Ведь на самом деле существуют экономические законы, основой которых является погоня за прибылью или личной выгодой индивида, а также любого способного на самостоятельные действия структурного подразделения людей:
– Если повышаются цены или ожидания повышения цен, тогда повышается и производство, если они падают, то и производство падает.
– Если какая-то деятельность обещает верную прибыль, то тогда найдется кто-то, кто будет ею заниматься, и тем скорее, чем выше прибыль.
– Если имеются надежные права собственности, то повышается готовность делать инвестиции.
– Если производство нерентабельно, то оно и не осуществляется.
– Если существует конкуренция, то все причастные к ней лица прилагают больше усилий.
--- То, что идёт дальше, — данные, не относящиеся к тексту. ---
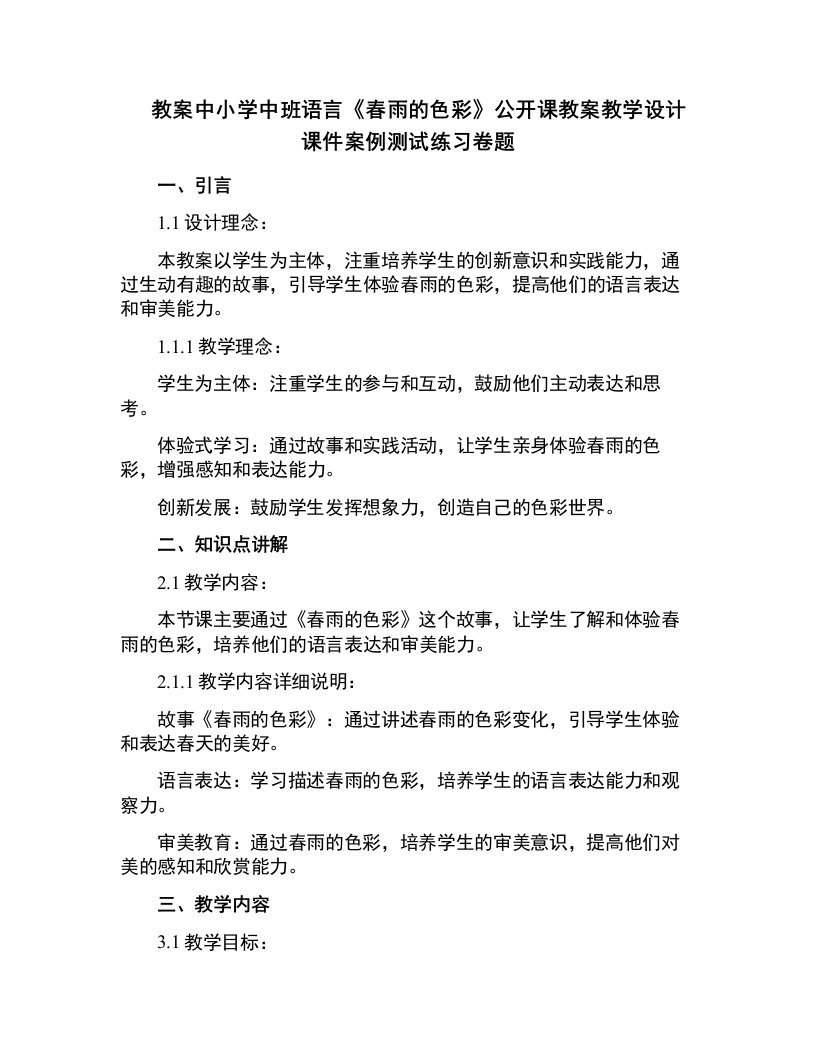 中小学中班语言：春雨的色彩公开课教案教学设计课件案例测试练习卷题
Изделия становятся лучше, технологии более инновационными, цены понижаются.
Коммунизм и государственный социализм потерпели поражение не в последнюю очередь из-за того, что они не в достаточной степени учитывали эти элементарные закономерности. Этими упомянутыми выше элементарными закономерностями можно объяснить даже логику самых сложных финансовых операций при управляемой компьютером торговле деривативами, в которой не разберется ни один смертный без вспомогательных технических средств.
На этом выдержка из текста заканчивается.